Some schools will waive the English requirement based on a student having certain scores on a specific test (ie. Critical Reading portion of the SAT) so it is always good to check an individual school’s requirements. Nonetheless, students must have strong English.
The TOEFL has historically been the more commonly accepted English test in the USA. Now the IELTS has grown in popularity in the US (as it is the English test of choice in the UK and Australia) and most schools will accept either one. Both now have a speaking component (the TOEFL internet based test has adopted this) and the IELTS has had one which is level or band-scored by a tester.
Other things that are required:
- Good Grades: Students have to demonstrate strong academic performance. The top schools often require all or mostly A’s (3.9-4.0/4.0 grade point average) with a few B’s more common in the top 50-100 universities.
- SAT (or ACT) score: Most top schools require this test as we discussed in my first blog. All publish their median scores so a student can see if they fall into the range or not. (Many top schools also require SAT II, or subject tests, these usually will be taken by the top, top students in subjects related to their major).
Essays and Letters of Recommendation: These are very important and often not thought about enough by international students. Essays need to be creative and demonstrate how a student stands out, but in a humble way. Letters of recommendation should be from teachers or advisors who really know the student and can talk about them in a detailed and meaningful way.
- Extracurricular Activities: These can include sports, music, charity work, clubs, leadership roles…almost anything that students get involved with outside of their daily academic work. And they do make a big difference!! Most schools in America realize that these may not be as common for international students – but all students have interests or hobbies so they should try to explore them. I was recently talking to one student in Vietnam where I live who started their own fashion blog. Very cool!
There is not a ‘science’ of selecting students to top universities. Each of these things is important creates a picture of the student for the school to evaluate. For example, I had a Grade Point Average of 3.7/4.0 and an SAT score of 1,310/1,600 (I took it 3 times…as your highest score counts ). I played a lot of sports which probably helped. I did not get into Ivy League or top 10 schools, but many in the top 20/30. I ended up attending Boston College close to my home town which is ranked #32 and did my MBA at Georgetown University which is ranked #15. Finances (scholarship) also plays a big part in the decision selection of which school to attend.

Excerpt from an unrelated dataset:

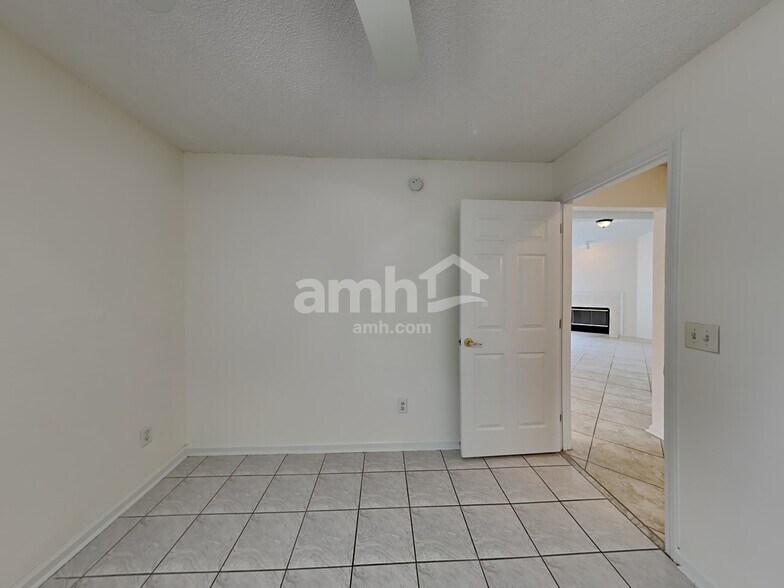Building Photo - 9081 Prosperity Lake Dr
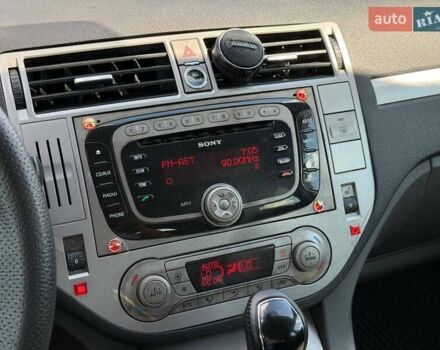 Серый Форд Куга, объемом двигателя 2.52 л и пробегом 115 тыс. км за 9900 $, фото 40 на Automoto.ua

Well, there may be the occasional student who has all of the above and can go to a top university directly but it is much more common for students to be missing one of these items or don’t quite have the scores they need for their dream school. In these situations, a pathway course, like ONCAMPUS University Transfer Programs, with transfer flexibility may be the best option for students. Pathways like these may not get a student into Ivy League schools – but certainly are good feeders into top 50/top 100 universities. Or it may be that the student’s major is not necessarily one that is tied to a high ranked school. Recent student majors I have worked with like this include: Fashion, Criminal Justice, Radiography, Education, Nursing……just to name a few.